Promoting egalitarian economic growth
Promoting income equality
Income distribution is extremely important for development since it influences the cohesion of society, determines the extent of poverty for any given average per capita income, and the poverty-reducing effects of growth, and even affects people's health. Accumulating evidence shows that more equal income distribution leads to higher economic growth.
Coordinated regional action, and better international action would help promote equality without weakening the ability to compete. For example regional coordination of domestic tax and benefits would permit improved distribution without undermining competitiveness, as would regional coordination of minimum wages at an appropriate level. At an international level, coordinated taxation of international capital flows and support for universal human rights to minimal standards of living would also contribute to improving income distribution. A global economic environment will require a global social response.
Professor Frances Stewart (Oxford University) suggests six strategies for achieving more egalitarian growth: (i) agrarian-focused strategies and those aimed at increasing productivity in the rural sector; (ii) employment-intensive strategies; (iii) higher levels of and widespread education; (iv) asset redistribution, (e.g. land reform); (v) government policies towards structuring the market, to favour the less well-off; (vi) raising the rates of taxation and public expenditure to improve after-tax distribution.

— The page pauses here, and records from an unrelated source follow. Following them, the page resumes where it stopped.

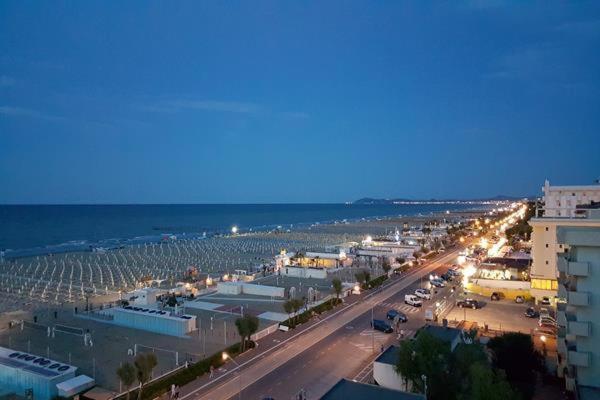 اتاق سوپریور با چشم‌انداز دریا, Audi Frontemare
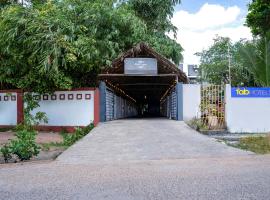 FabHotel Bella Vagues - 700M from Kovalam Beach，位于Covelong的酒店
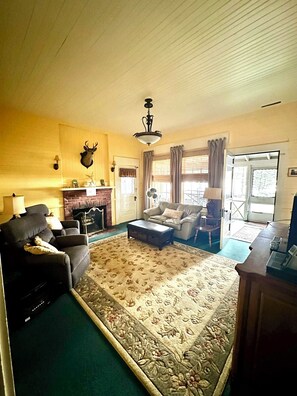 Living area - Quintessential Cabin on Squam Lake (Holderness)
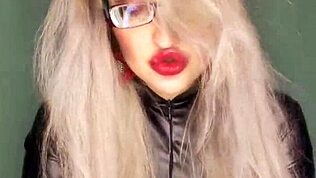 Kukold sissy w fantazji femdom z instrukcjami do walenia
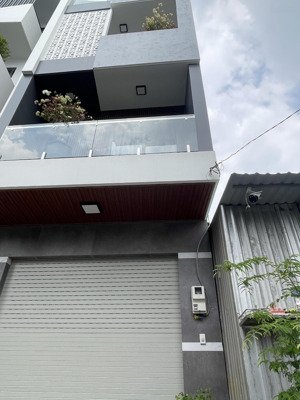 tân phú mặt tiền xe hơi ngủ trong nhà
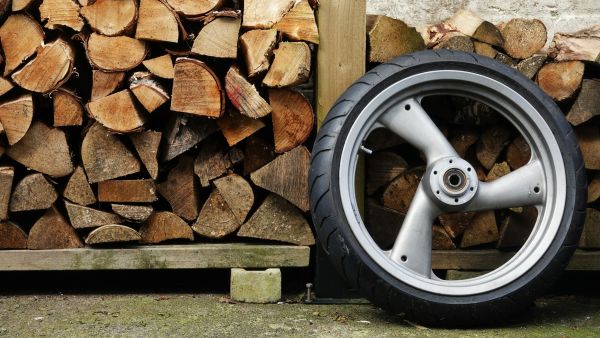 Top 5 pneus moto Bridgestone pour performance et confort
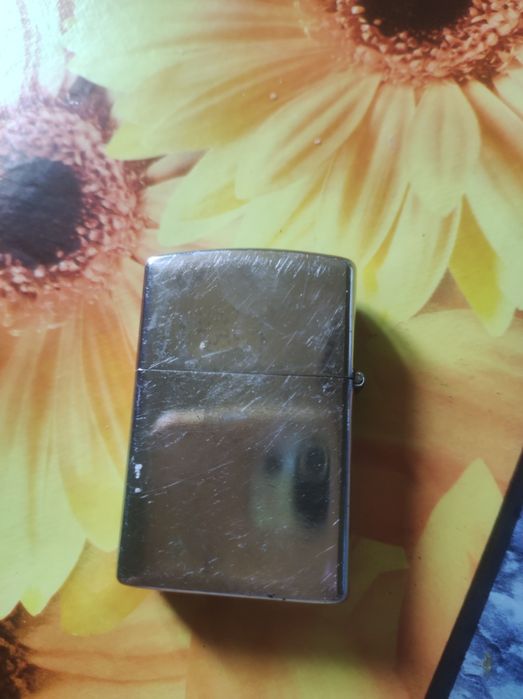 Isqueiro estilo Zippo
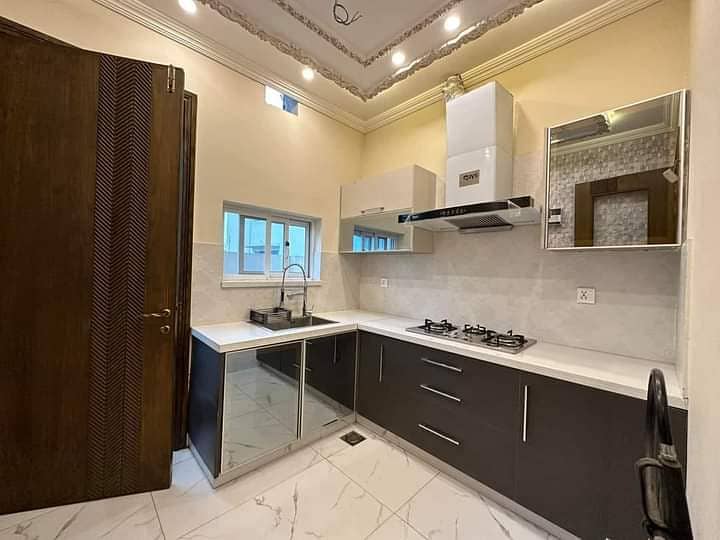 5 MARLA MODERN DESIGN HOUSE AVAILABLE FOR RENT IN DHA 7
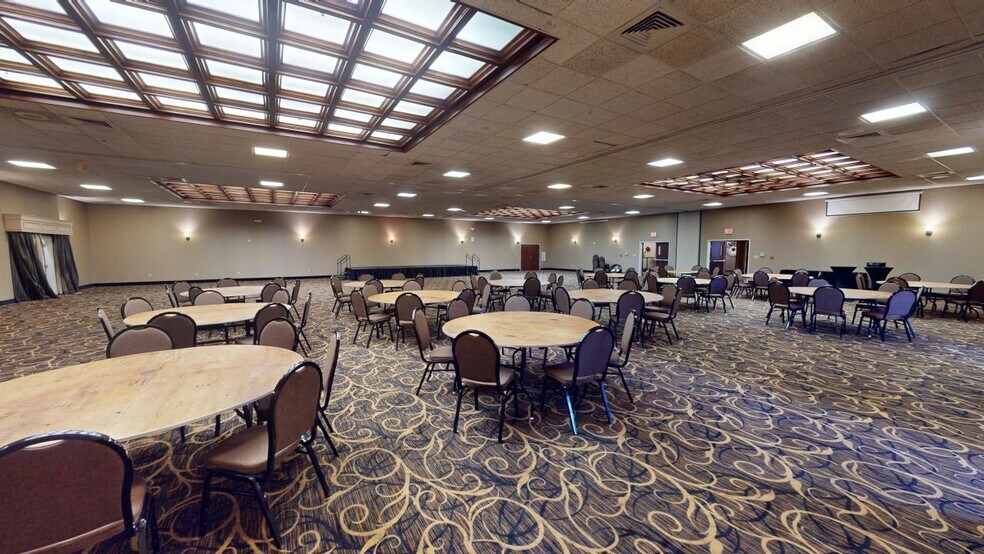 More Photos Of 304 S 6th St, Monticello Restaurant For Lease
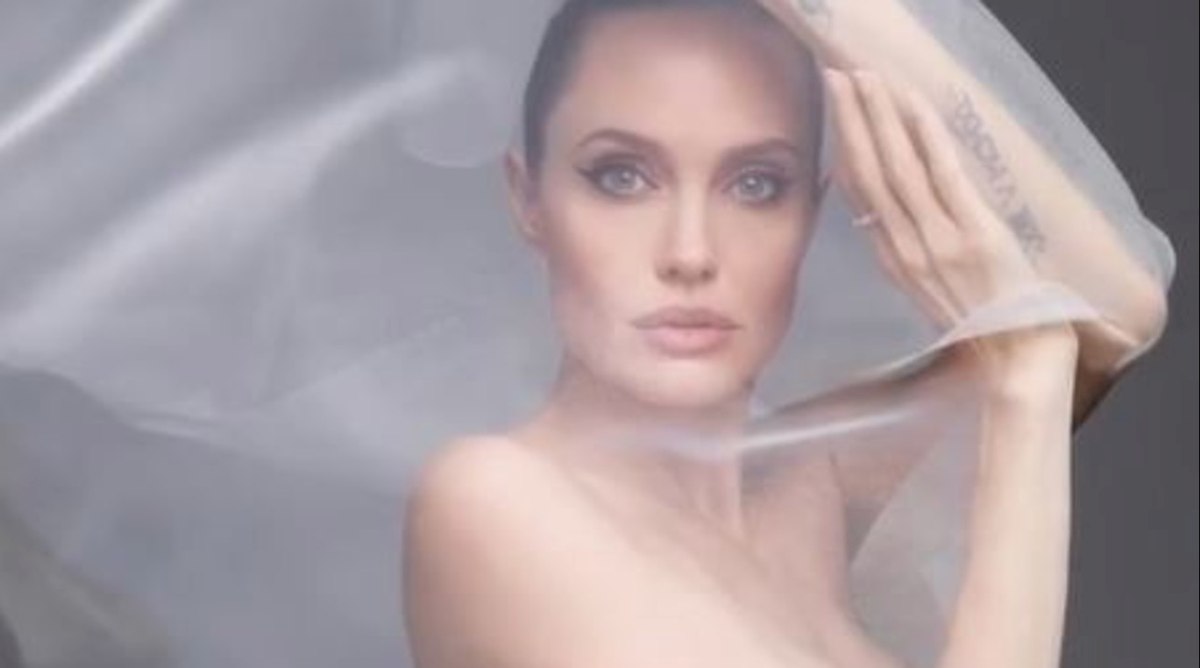 Angelina Jolie vuole vivere all'estero ma Brad Pitt non lo consente: "Devo stare dove il padre dei miei figli sceglie"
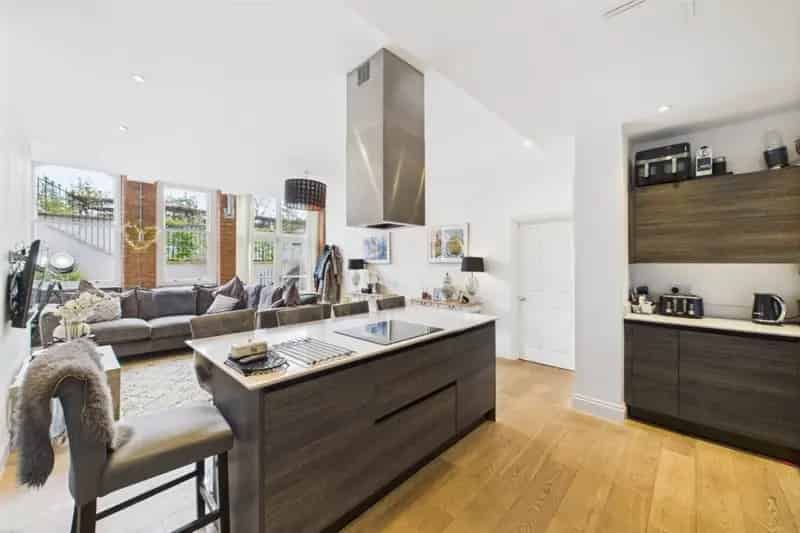 2 Bedroom Flat For Sale Leamington Spa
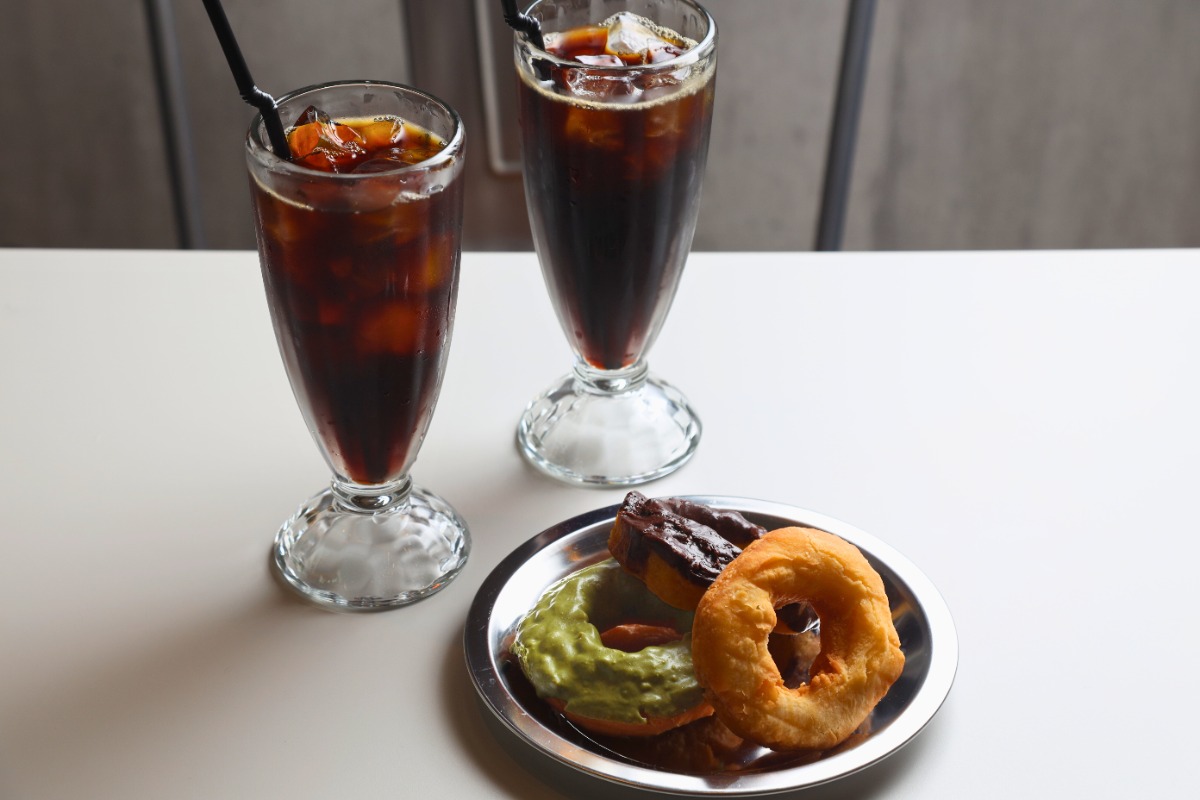 《over easy》気分はアメリカンダイナー、ランチもドーナツもコーヒーもこだわりづくし【徳島カフェ】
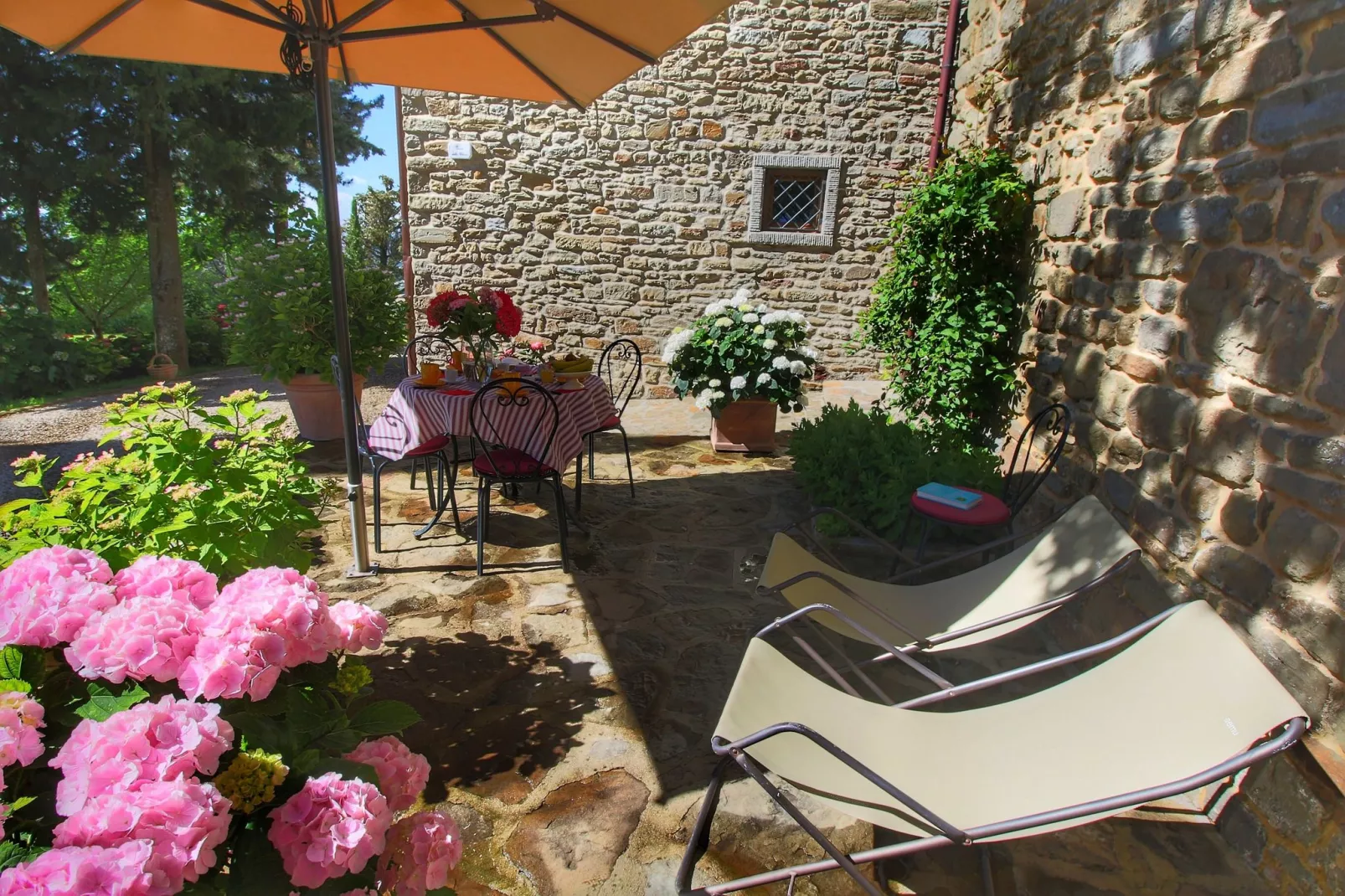 Caprifoglia-Terrace balcony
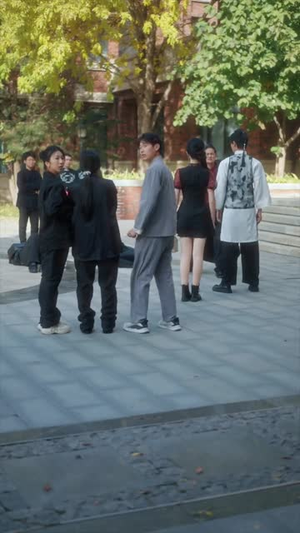 都市高武开局被校花强吻（63集）短剧片段推荐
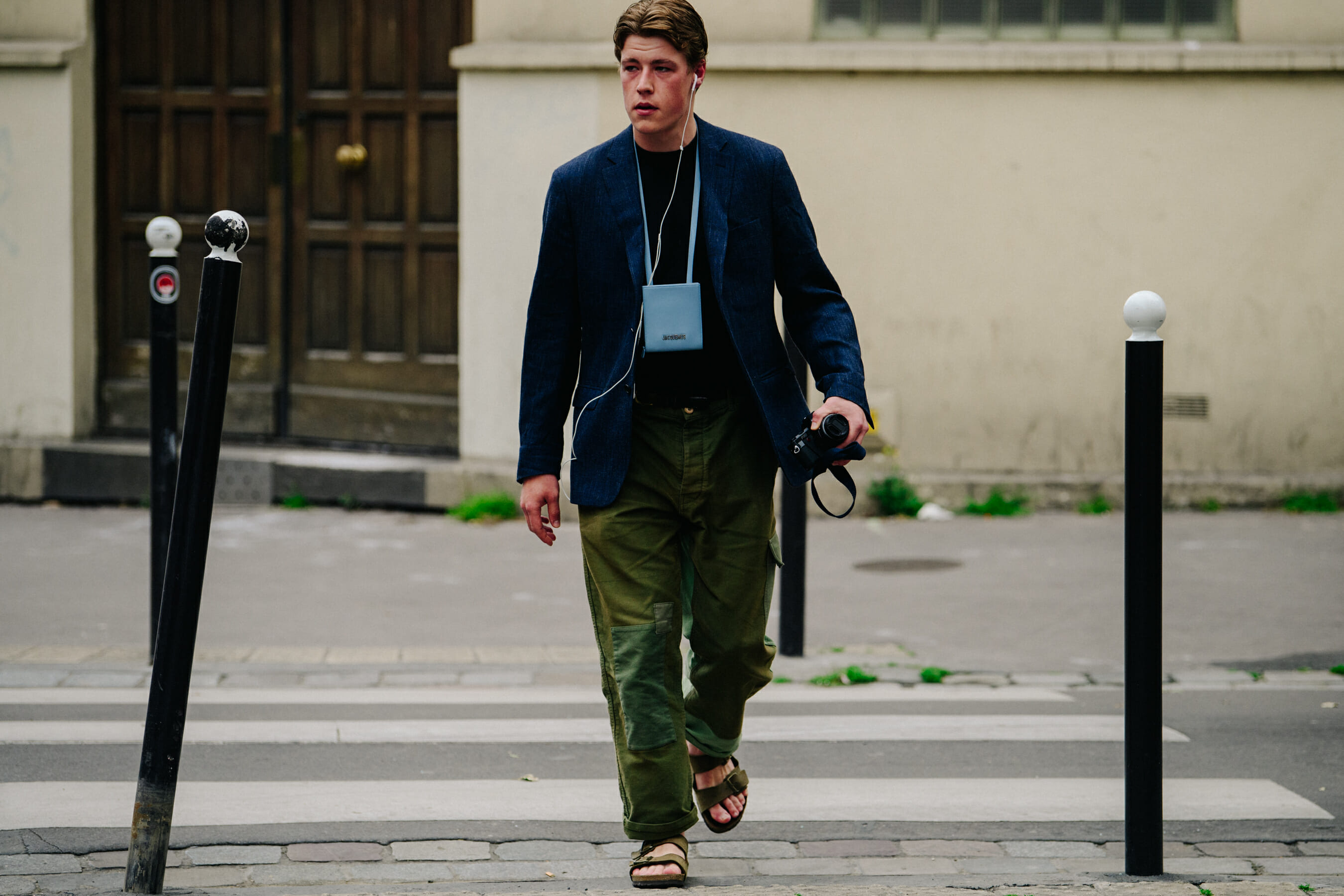 Man wearing Jacquemus pouch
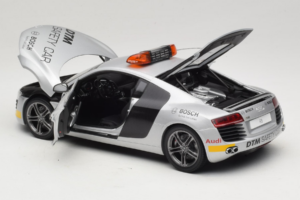 Audi R8 Safety Car 24 Hours of Le Mans 2008 Kyosho 1:18 09214DTM Metall — bild 7 av 8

In the national context, the State must endeavour to create the preconditions for ensuring a more egalitarian economic development. Two strategic approaches are paramount: the proactive approach to preempt exclusion would seek to develop mechanisms and policies to ensure that the benefits of development would be widely shared. This requires the integration of social policy into the strategy of economic development. The second approach can be characterized as reactive. This would curb the adverse effects of exclusion and provide social safety nets. The time has come to evolve a new consensus on development, which should be concerned as much with equity as with efficiency, and as much with social progress as with economic growth. The focus must shift from economies to people, and from means to ends.

1. While strategies to promote more egalitarian growth seemed both feasible and desirable, in the 1980s and 1990s there has been a strong tendency for income distribution to worsen in both developed and developing countries. A variety of explanations for this have been advanced including trade liberalization, technology change, and the impact of liberalization and globalization more generally.

3. High income inequality translates into growth-impeding factors as it leads to political instability, uncertainty and, therefore, to less investment and slower growth.